Shipment exception agents that scale to 10,000 events a day without breaking.
Your exception handling agent catches shipment delays, reroutes packages, and notifies customers before they notice. It works on 50 test events. It breaks at 5,000. Hatch gives it the infrastructure to handle 10,000+ events per day reliably.
The problem.
Shipment exception workflows have a partial-execution problem that makes naive retry dangerous. When a container is flagged as delayed, your agent runs three sequential steps: notify the customer, update the carrier manifest via EDI, update the warehouse receiving schedule. If the EDI call at step 2 fails after step 1 completes, a retry from the beginning sends a second customer notification — 'your shipment is delayed' — for the same event. At 50 exceptions a day, your ops team catches this manually. At 5,000, you have hundreds of duplicate notifications and no visibility into which records are corrupt.
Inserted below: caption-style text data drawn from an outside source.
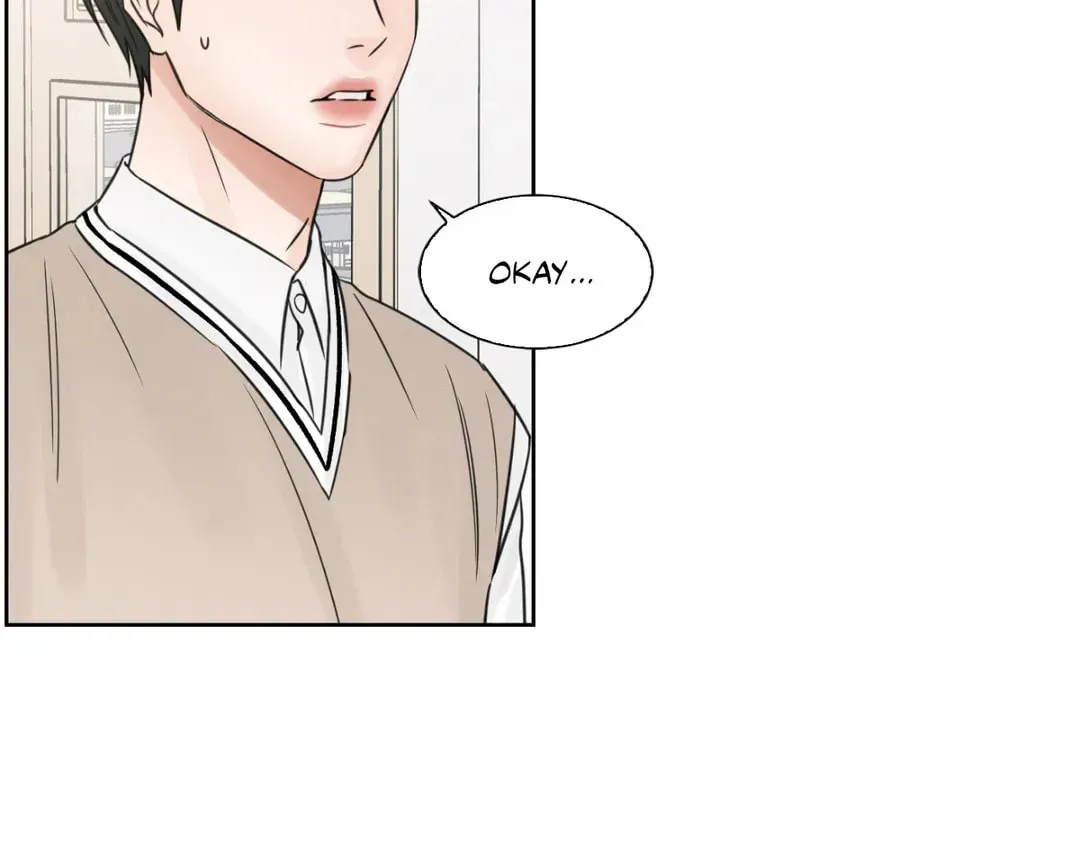 Read Love Me Not chapter 33 image 32 on Lezhin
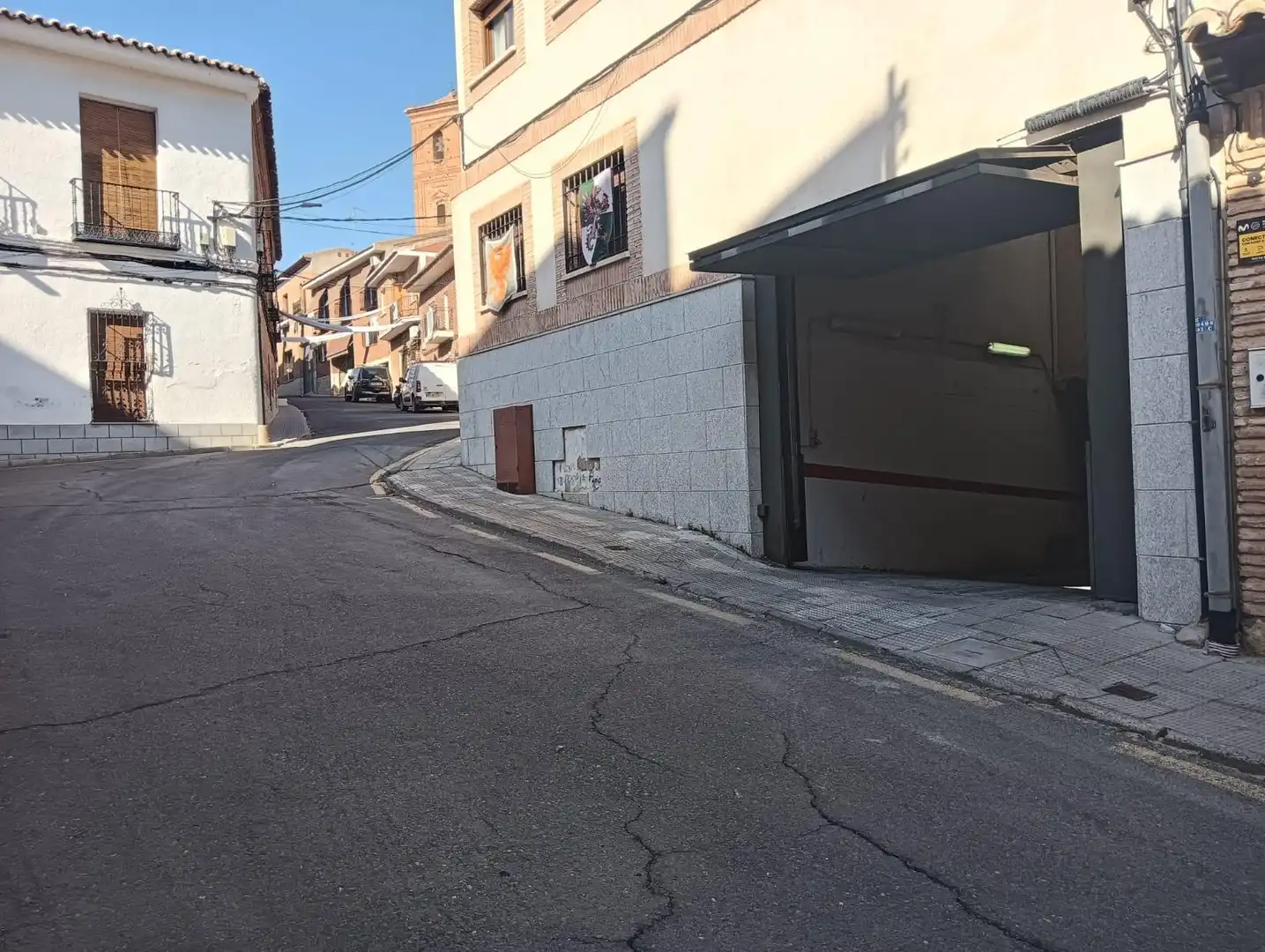 Dúplex en venta en La Puebla de Montalbán, Toledo
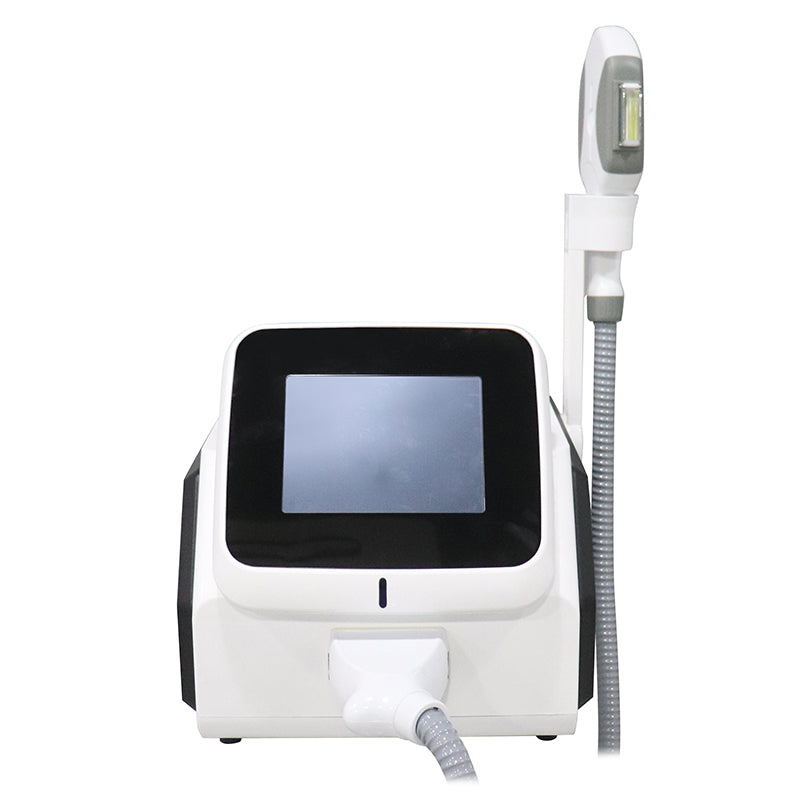 Portable IPL Opt Elight light fast hair removal opt intense pulsed light hair remover Machine Laser IPL Hair Removal Hair Removing Machine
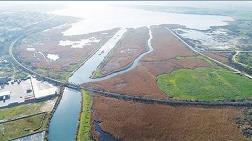 Bakan Turhan: “Kanal İstanbul’u 2026’da Tamamlamış Olacağız”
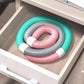 Flexible Weighted Spring Hoop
Carrier API SLAs degrade predictably at the same time your exception volume spikes — during port disruptions, weather events, and peak season. FedEx and UPS tracking APIs have documented rate limits of 1,000 requests per minute per credential. When your exception agent scales from 10 to 100 concurrent workflows during a disruption event, it hits the rate limit within seconds, starts receiving 429s, and your exception queue backs up faster than the backpressure logic can drain it. Standard Kubernetes HPA doesn't know the difference between CPU load and carrier API rate limit exhaustion.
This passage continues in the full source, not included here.